◆ Exercise instructions ◆
Pictures stay out of the copy. Transcribe exactly the lines from the line with "In this video" through the final line of the records.

◆ Data for analysis ◆
_ _ _
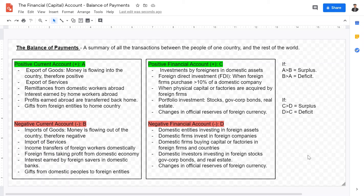Hey, welcome back IB International Economics students to this video lecture. Today we're going to be talking about the financial account — some people also call it the capital account — within the unit of the balance of payments for international economics. This is for Year 2 IB Economics students, and I hope this video will be a great review going over the topics.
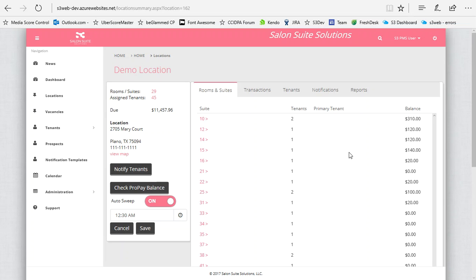Sweeps are when ProPay takes the money that's been accumulated from your rent and sweeps it into your bank account. This happens every night at midnight in your time zone.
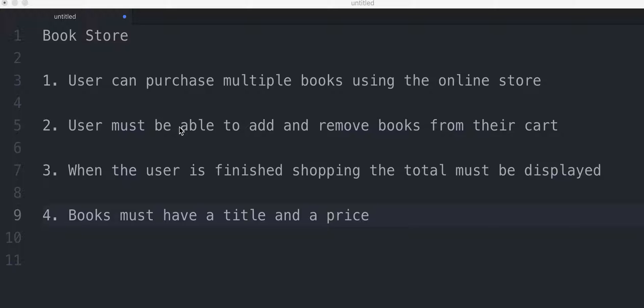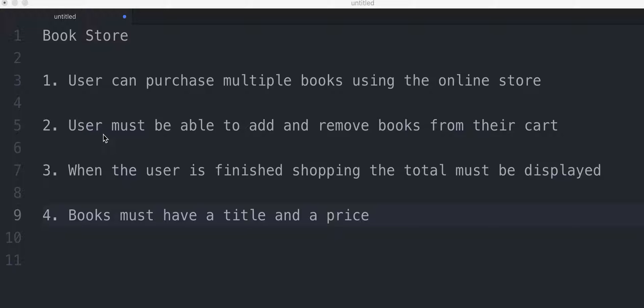The user must be able to add and remove books from their cart. So this means at any time the user must be able to add or remove any item to their cart.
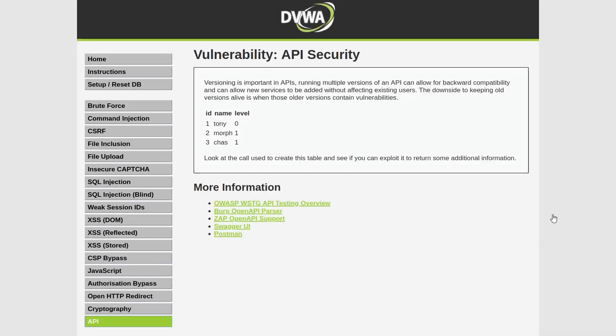In this video we're going to take a look at the new API security module on the Damn Vulnerable Web Application.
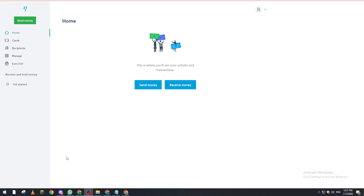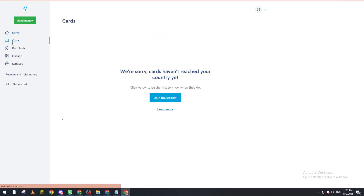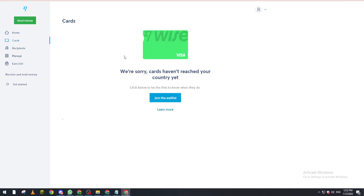After connecting my account, here is how it looks. This is the home page. If you go to the top left corner you'll find the menu. Go to Cards, and if your country has access to Wise cards, you'll see two options: create a physical card or a digital card. Go ahead and click on the digital card and you'll receive all the information you need.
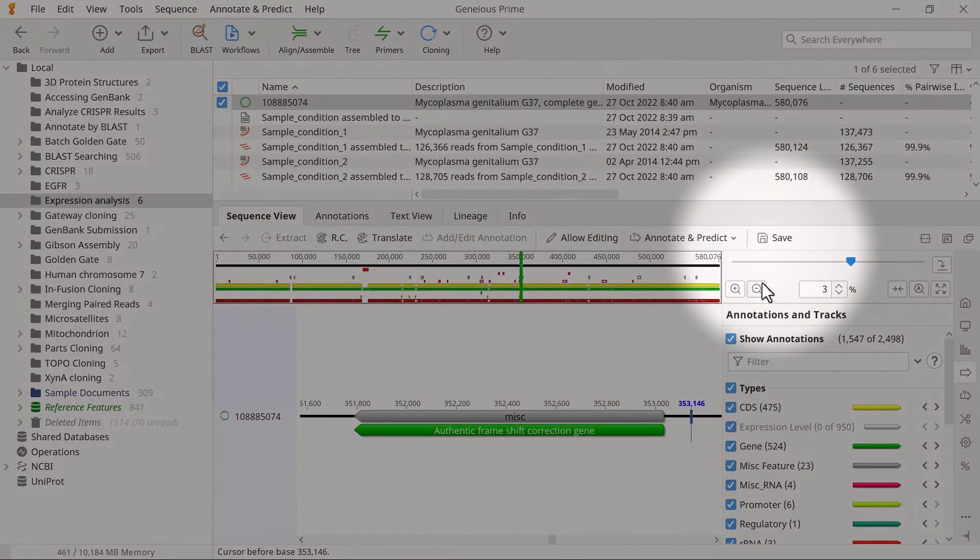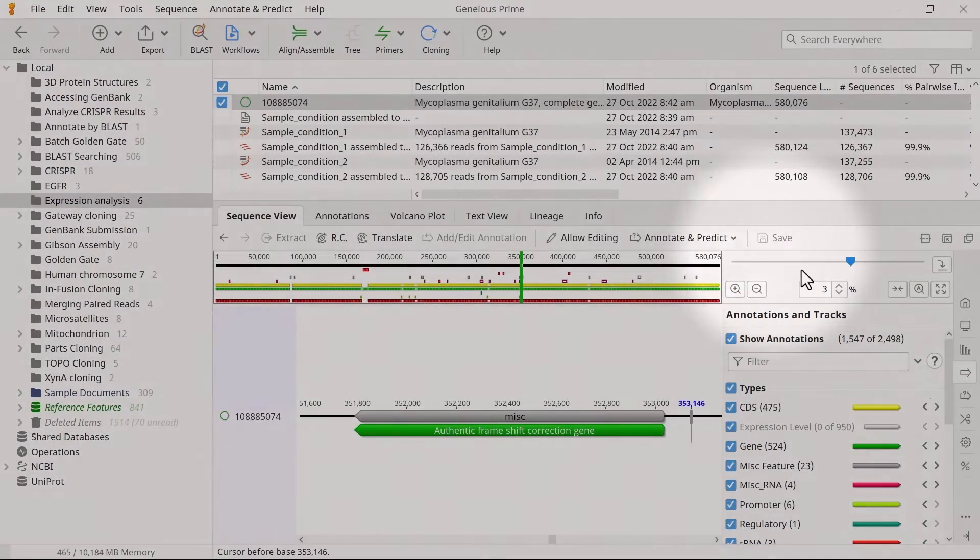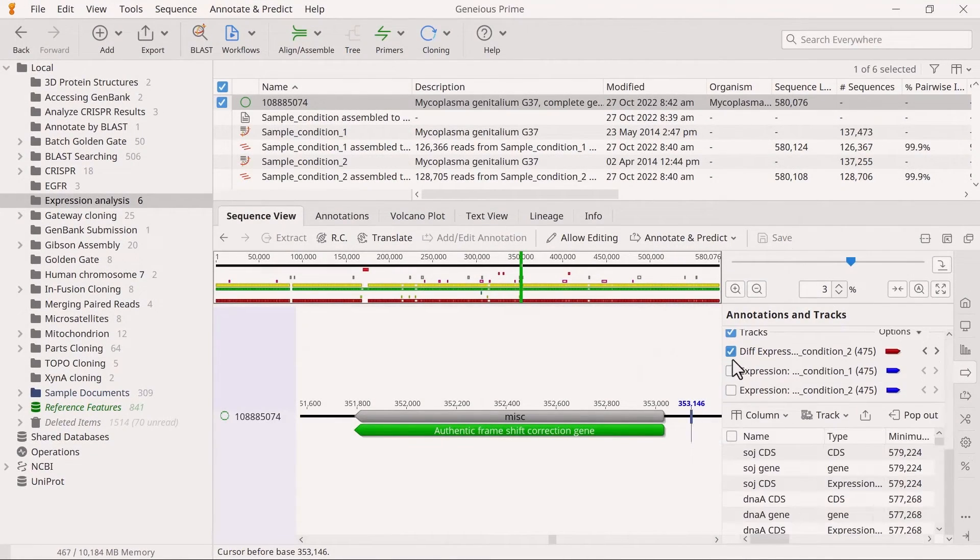Ensure you save the file. Genius will add a new track to the reference sequence.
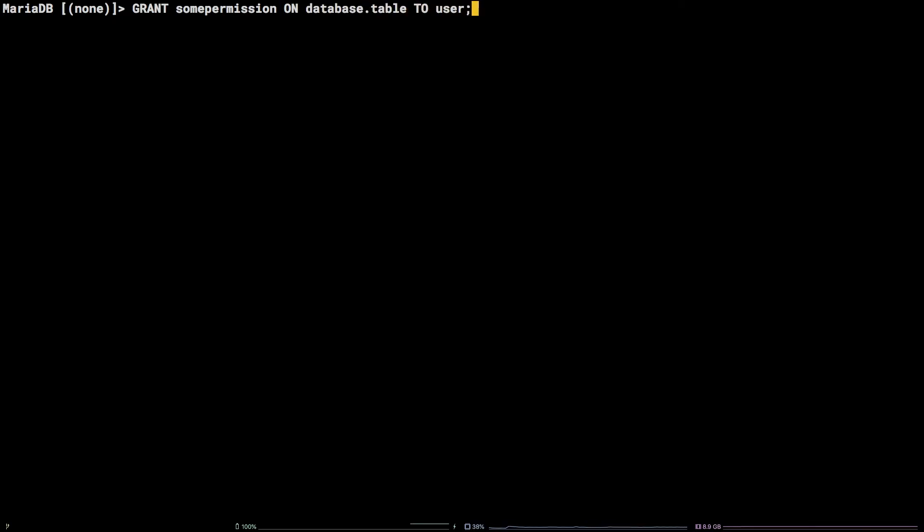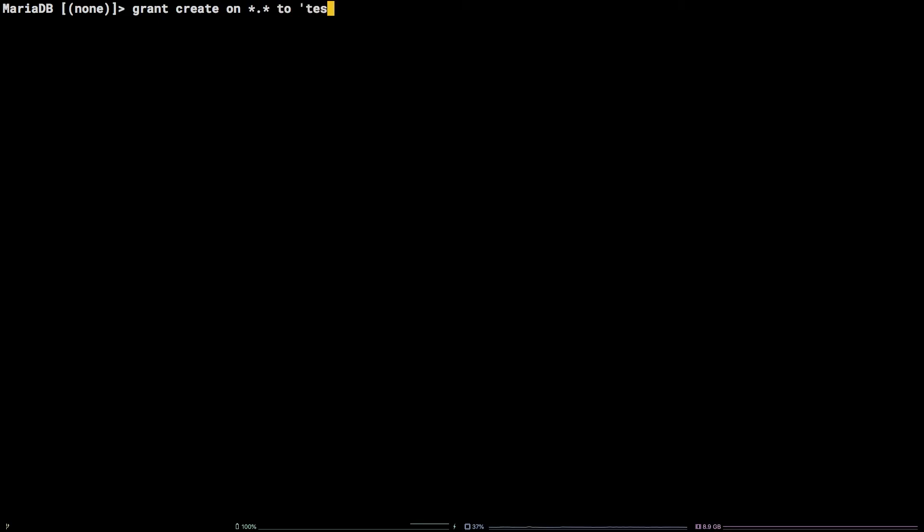In order to grant this user CREATE permissions on all databases and tables, run the following command: GRANT CREATE ON *.* TO 'testuser'@'localhost';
_ _ _
◆ Answer space ◆
In this video we're going to take a look at the new API security module on the Damn Vulnerable Web Application.
After connecting my account, here is how it looks. This is the home page. If you go to the top left corner you'll find the menu. Go to Cards, and if your country has access to Wise cards, you'll see two options: create a physical card or a digital card. Go ahead and click on the digital card and you'll receive all the information you need.
Ensure you save the file. Genius will add a new track to the reference sequence.
In order to grant this user CREATE permissions on all databases and tables, run the following command: GRANT CREATE ON *.* TO 'testuser'@'localhost';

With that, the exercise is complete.